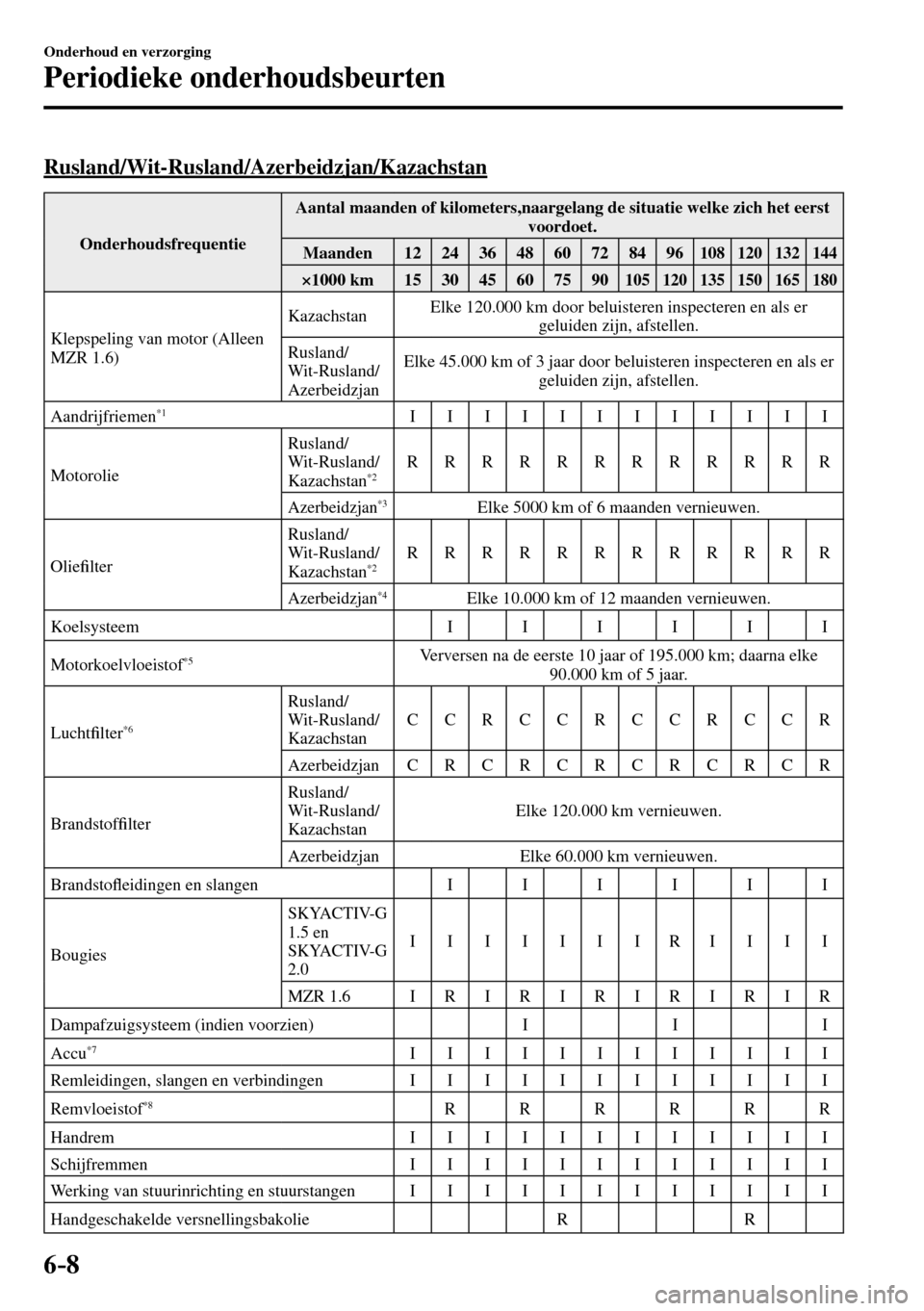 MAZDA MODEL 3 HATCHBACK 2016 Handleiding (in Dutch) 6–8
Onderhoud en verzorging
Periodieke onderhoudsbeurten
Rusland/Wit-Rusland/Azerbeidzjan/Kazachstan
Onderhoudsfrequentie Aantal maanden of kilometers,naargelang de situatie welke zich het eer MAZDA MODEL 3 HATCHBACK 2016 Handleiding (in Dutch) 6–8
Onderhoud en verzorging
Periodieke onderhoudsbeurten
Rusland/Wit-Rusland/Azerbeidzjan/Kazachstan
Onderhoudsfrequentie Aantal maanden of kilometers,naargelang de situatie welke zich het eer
* * *
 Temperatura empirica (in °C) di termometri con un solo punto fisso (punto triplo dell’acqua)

- [WORK REQUIRED]:
Among the lines above, count those containing the string "kilometers"; please give the count alone.

- [EXERCISE OUTPUT]:
2